For the fourth quarter, diluted EPS was $0.52 and diluted EPS, adjusted for special items, was $0.72 compared to losses of $0.81 and $0.10, respectively, for the same period last year. Net income (loss) and adjusted EBITDA were $148 million and $512 million, respectively, for the three months ended Dec. 31, 2021, compared to $(225) million and $204 million, respectively, for the three months ended Dec. 31, 2020.

For the year ended Dec. 31, 2021, diluted EPS was $1.46 and diluted EPS, adjusted for special items, was $2.08 compared to a loss of $2.58 and $0.10, respectively, for the year ended Dec. 31, 2020. Net income (loss) and adjusted EBITDA were $407 million and $1.63 billion, respectively, for the year ended Dec. 31, 2021, compared to $(720) million and $842 million, respectively, for the year ended Dec. 31, 2020.

Development
In the fourth quarter of 2021, Hilton opened 94 new hotels totaling 16,100 rooms and achieved net unit growth of 13,100 rooms. During the full-year 2021, Hilton opened 414 new hotels totaling 67,100 rooms and achieved net unit growth of 55,100 rooms. During the quarter, Hilton continued the expansion of its luxury portfolio with the openings of the Conrad Tulum Riviera Maya in Mexico and the Conrad Jiuzhaigou in China (shown above), and also opened the Hilton Cancun in Mexico, the latest addition to Hilton’s expanding portfolio of all-inclusive properties.
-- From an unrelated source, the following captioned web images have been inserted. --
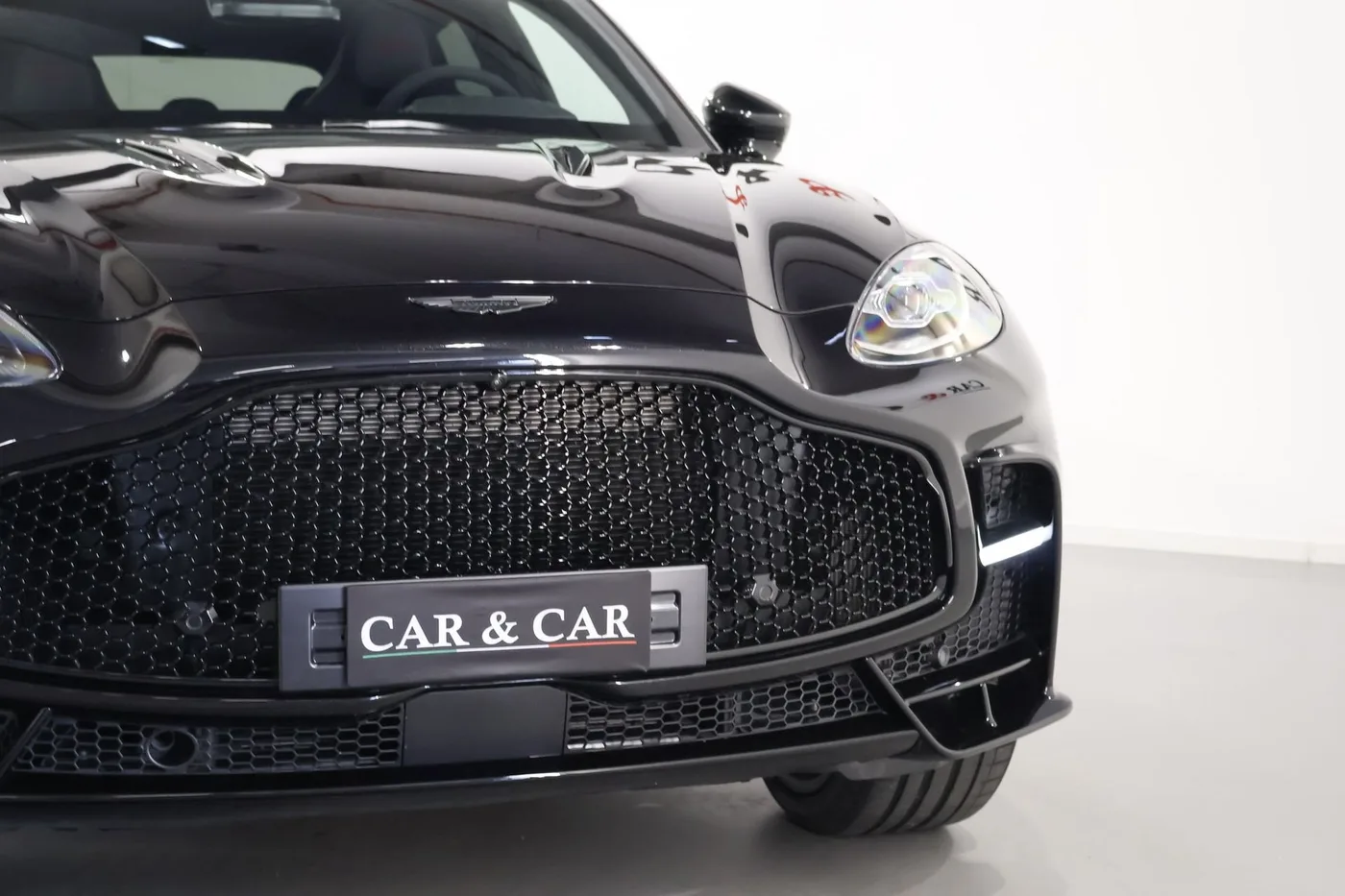 2026 Aston Martin DBX S angeboten von einem Supersportwagenhändler in Zibido San Giacomo, Italien, Foto 16 von 23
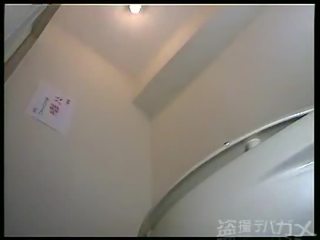 Cosputer japonesas espiadas en el baño 2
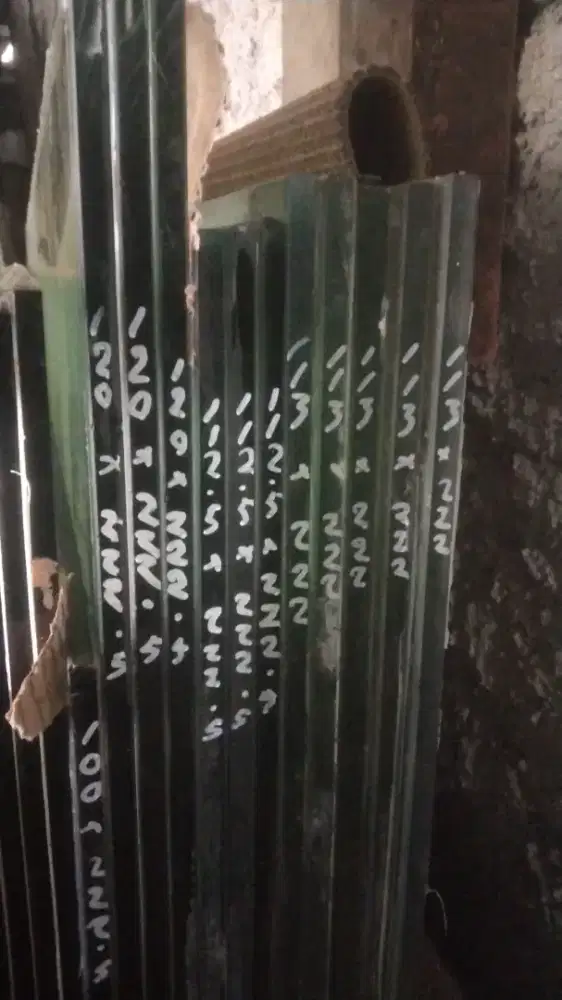 Menjual berbagai macam kaca tempred seken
Further, Hilton continues to see growth in its focused-service brands, with Hampton by Hilton opening more than 30 hotels representing 4,300 rooms during the fourth quarter.

As of Dec. 31, 2021, Hilton’s development pipeline totaled nearly 2,670 hotels representing nearly 408,000 rooms throughout 115 countries and territories, including 28 countries and territories where Hilton does not currently have any existing hotels. Additionally, of the rooms in the development pipeline, 198,000 of the rooms were under construction and 249,600 of the rooms were located outside the U.S.

Balance sheet and liquidity
As of Dec. 31, 2021, Hilton had $8.9 billion of long-term debt outstanding, excluding deferred financing costs and discounts, with a weighted average interest rate of 3.99%. Excluding finance lease liabilities and other debt of Hilton’s consolidated variable interest entities, Hilton had $8.6 billion of long-term debt outstanding with a weighted average interest rate of 3.95% and no scheduled maturities until 2025. No amounts were outstanding under Hilton’s $1.75 billion senior secured revolving credit facility as of Dec. 31, 2021, which had an available borrowing capacity of $1.69 billion after considering $60 million of outstanding letters of credit. Total cash and cash equivalents were $1.51 billion as of Dec. 31, 2021, including $85 million of restricted cash and cash equivalents.